Scaling Laws for Membership Inference

Updated 1 July 2025

Scaling Laws for Membership Inference study how the risk of identifying whether a data sample was used in training changes based on model size, data, and attack strategy.
The risk doesn't scale linearly; it depends complexly on factors like data diversity (per-class examples, number of classes) and attack techniques, including aggregation strategies.
New techniques like quantile regression allow scalable black-box attacks on large models, necessitating advanced defenses and auditing methods to measure and mitigate privacy risk effectively.

Membership inference refers to the problem of determining, given a model and a sample, whether that sample was part of the model's training data. The paper of scaling laws for membership inference seeks to quantify how the risk and accuracy of such attacks evolve as a function of model size, data properties, attack resources, and architectural or domain-specific features. Recent research—spanning discriminative vision models, deep transfer learning, black-box inference against LLMs, and general sequence models—has revealed diverse and sometimes surprising behaviors, challenging assumptions about monotonic risk and exposing new paradigms for scalable auditing, privacy, and legal compliance.

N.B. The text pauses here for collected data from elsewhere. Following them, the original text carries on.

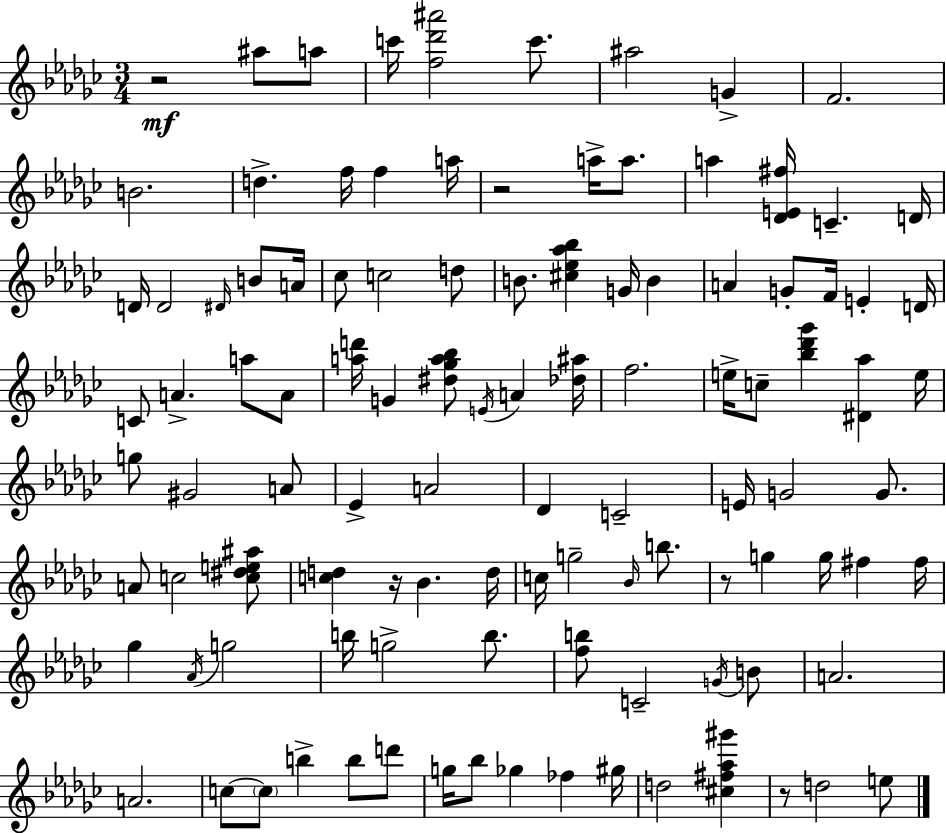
R/h A#5/e A5/e C6/s [F5,Db6,A#6]/h C6/e. A#5/h G4/q F4/h. B4/h. D5/q. F5/s F5/q A5/s R/h A5/s A5/e. A5/q [Db4,E4,F#5]/s C4/q. D4/s D4/s D4/h D#4/s B4/e A4/s CES5/e C5/h D5/e B4/e. [C#5,Eb5,Ab5,Bb5]/q G4/s B4/q A4/q G4/e F4/s E4/q D4/s C4/e A4/q. A5/e A4/e [A5,D6]/s G4/q [D#5,Gb5,A5,Bb5]/e E4/s A4/q [Db5,A#5]/s F5/h. E5/s C5/e [Bb5,Db6,Gb6]/q [D#4,Ab5]/q E5/s G5/e G#4/h A4/e Eb4/q A4/h Db4/q C4/h E4/s G4/h G4/e. A4/e C5/h [C5,D#5,E5,A#5]/e [C5,D5]/q R/s Bb4/q. D5/s C5/s G5/h Bb4/s B5/e. R/e G5/q G5/s F#5/q F#5/s Gb5/q Ab4/s G5/h B5/s G5/h B5/e. [F5,B5]/e C4/h G4/s B4/e A4/h. A4/h. C5/e C5/e B5/q B5/e D6/e G5/s Bb5/e Gb5/q FES5/q G#5/s D5/h [C#5,F#5,Ab5,G#6]/q R/e D5/h E5/e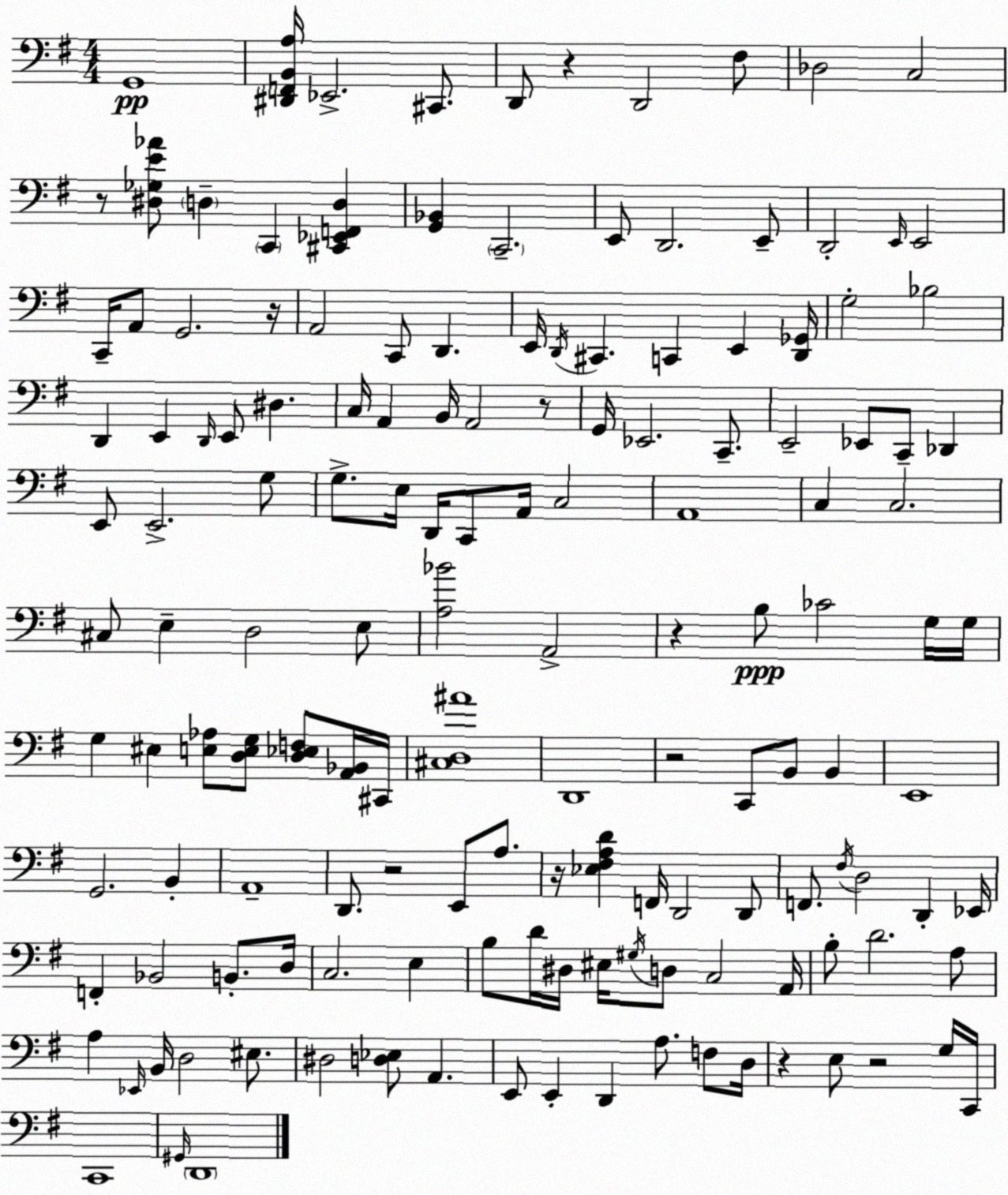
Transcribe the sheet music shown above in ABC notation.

X:1
T:Untitled
M:4/4
L:1/4
K:Em
G,,4 [^D,,F,,B,,A,]/4 _E,,2 ^C,,/2 D,,/2 z D,,2 ^F,/2 _D,2 C,2 z/2 [^D,_G,E_A]/2 D, C,, [^C,,_E,,F,,D,] [G,,_B,,] C,,2 E,,/2 D,,2 E,,/2 D,,2 E,,/4 E,,2 C,,/4 A,,/2 G,,2 z/4 A,,2 C,,/2 D,, E,,/4 D,,/4 ^C,, C,, E,, [D,,_G,,]/4 G,2 _B,2 D,, E,, D,,/4 E,,/2 ^D, C,/4 A,, B,,/4 A,,2 z/2 G,,/4 _E,,2 C,,/2 E,,2 _E,,/2 C,,/2 _D,, E,,/2 E,,2 G,/2 G,/2 E,/4 D,,/4 C,,/2 A,,/4 C,2 A,,4 C, C,2 ^C,/2 E, D,2 E,/2 [A,_B]2 A,,2 z B,/2 _C2 G,/4 G,/4 G, ^E, [E,_A,]/2 [D,E,G,]/2 [D,_E,F,]/2 [A,,_B,,]/4 ^C,,/4 [^C,D,^A]4 D,,4 z2 C,,/2 B,,/2 B,, E,,4 G,,2 B,, A,,4 D,,/2 z2 E,,/2 A,/2 z/4 [_E,^F,A,D] F,,/4 D,,2 D,,/2 F,,/2 ^F,/4 D,2 D,, _E,,/4 F,, _B,,2 B,,/2 D,/4 C,2 E, B,/2 D/4 ^D,/4 ^E,/4 ^G,/4 D,/2 C,2 A,,/4 B,/2 D2 A,/2 A, _E,,/4 B,,/4 D,2 ^E,/2 ^D,2 [D,_E,]/2 A,, E,,/2 E,, D,, A,/2 F,/2 D,/4 z E,/2 z2 G,/4 C,,/4 C,,4 ^G,,/4 D,,4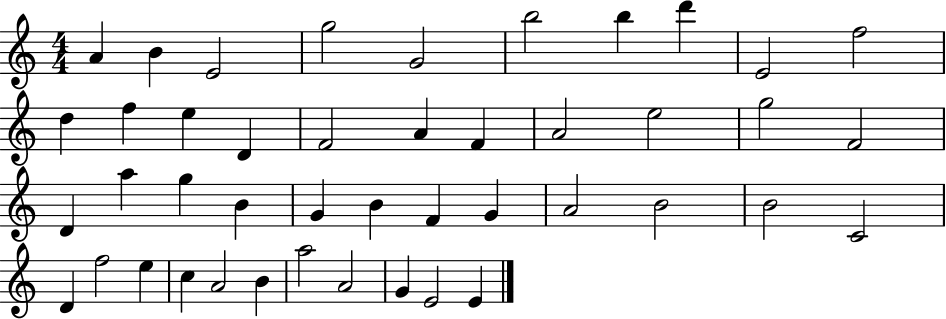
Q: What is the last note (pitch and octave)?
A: E4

1. Scaling Laws: Core Models and Empirical Relationships

Key scaling phenomena for membership inference can be grouped according to several axes: model capacity and overfitting, data set characteristics, attack complexity, and aggregation strategies.

Model Capacity and Overfitting: Early work established that, in classical and deep networks, increasing model depth/size (for fixed data) increases vulnerability to membership inference attacks, especially in the presence of overfitting (elevated train–test accuracy gap) (Tonni et al., 2020). However, as models become very large and are trained on massive, highly diverse datasets (e.g., LLMs, ImageNet), overfitting may vanish, and naive attacks based on training/test loss differences lose much of their power (Puerto et al., 31 Oct 2024).
Quantitative Scaling in Transfer Learning: Empirical and theoretical analysis reveals that the vulnerability of fine-tuned models at a fixed low false positive rate follows a power law with respect to dataset properties (Tobaben et al., 7 Feb 2024):

$\log_{10}(\mathrm{tpr}) = \beta_S \log_{10}(S) + \beta_C \log_{10}(C) + \beta_0$

where $\mathrm{tpr}$ is true-positive rate, $S$ is the number of examples per class, $C$ the number of classes, and $\beta_S < 0$ , $\beta_C > 0$ are empirical exponents. Thus, MIA risk falls as examples per class increase and rises with the number of classes.

Document and Collection-Sized Aggregation in LLMs: Modern studies demonstrate that while paragraph- or sentence-level MIAs are weak (AUROC $\sim0.5$ ), aggregating many such weak signals across longer texts (documents or collections) creates a compounding effect, yielding high AUROCs ( $>0.9$ ) (Puerto et al., 31 Oct 2024). This scaling is non-linear: small per-unit accuracy improvements lead to outsized performance gains when many units are combined.
Shadow and Reference Model Scaling: The success of strong attacks such as LiRA increases as more reference models are used (up to hundreds), but this shows diminishing returns and becomes computationally prohibitive for large models (Bertran et al., 2023, Hayes et al., 24 May 2025). Quantile regression and discrepancy-based approaches enable efficient scaling to large architectures and datasets, matching or exceeding reference-based attacks at a fraction of the compute cost (Bertran et al., 2023, Zhang et al., 22 Sep 2024, 2405.15140).
Membership Encoding and Stealth Embedding: Membership encoding demonstrates that it is possible to encode, and later robustly extract, a substantial fraction of the membership information for arbitrary points, with accuracy scaling with model capacity. In some settings, 20–50% of the training set can be marked for inference with negligible accuracy loss, and encoding is robust to pruning, fine-tuning, and input redaction (Song et al., 2019).

2. Data, Domain, and Attack Resource Dependencies

Scaling laws for MIA are not governed by a single variable but are a joint function of data, model, and adversary characteristics.

Data Properties: Class/feature imbalance and low entropy increase MIA accuracy; balanced and highly diverse datasets (high entropy) reduce risk (Tonni et al., 2020). Analysis of deep transfer learning uncovers a direct, power-law relationship between vulnerability and the number of examples per class and an inverse power law with the number of classes (Tobaben et al., 7 Feb 2024).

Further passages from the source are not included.